What is expected.
Word for word, restate the listing that follows and leave out the images.

Supplied data.

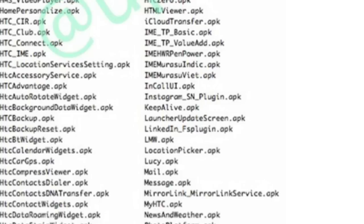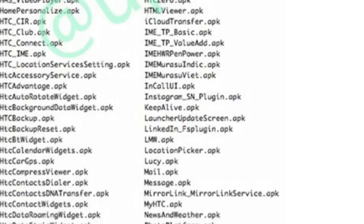Sense 7 will be on top of Android 5.0 Lollipop. It's pretty clear that HTC will bring Android 5.0 Lollipop with the HTC One M9, or maybe 5.0.2 or 5.1 if it makes its way by the start of March. So we're probably going to see the new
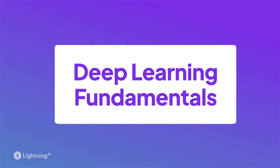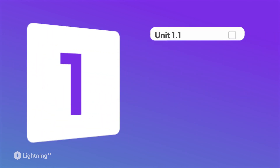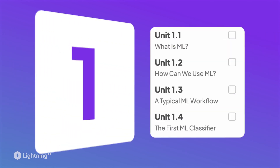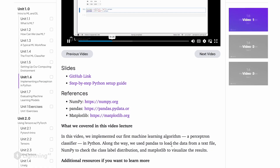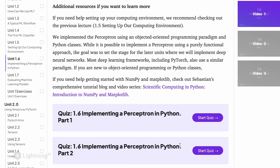So how is this course structured? There will be 10 units with several sections each. However, I know time is valuable, so I will try to keep these videos as concise as possible. I will provide additional resources if you want to learn more.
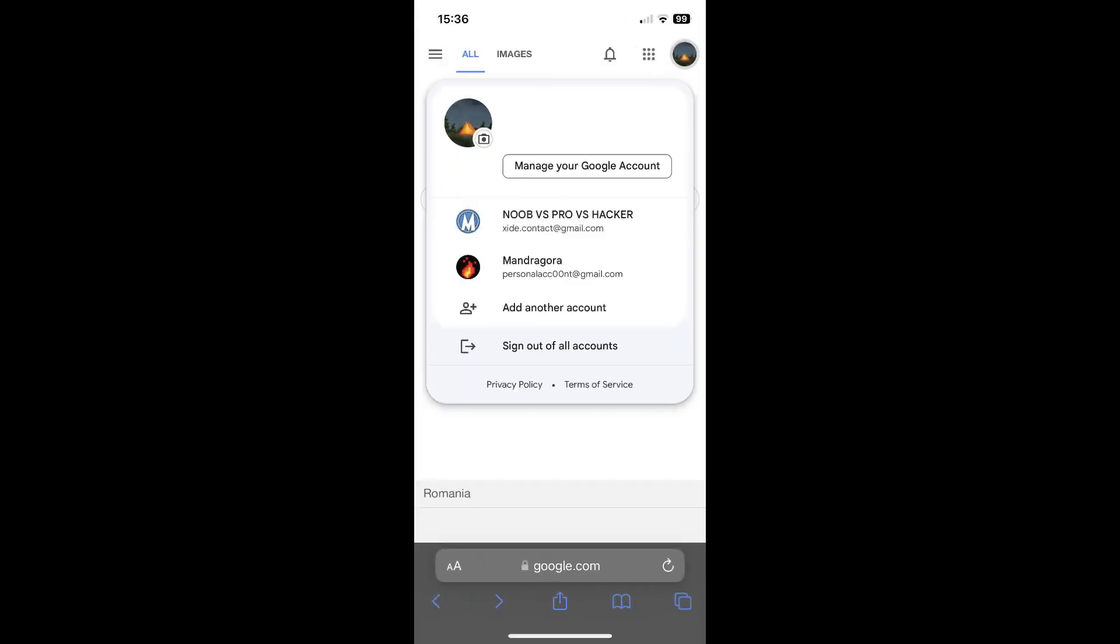The same way for Android devices. Open your Google account. Tap on manage your Google account.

Response below.
Sense 7 will be on top of Android 5.0 Lollipop. It's pretty clear that HTC will bring Android 5.0 Lollipop with the HTC One M9, or maybe 5.0.2 or 5.1 if it makes its way by the start of March. So we're probably going to see the new
So how is this course structured? There will be 10 units with several sections each. However, I know time is valuable, so I will try to keep these videos as concise as possible. I will provide additional resources if you want to learn more.
The same way for Android devices. Open your Google account. Tap on manage your Google account.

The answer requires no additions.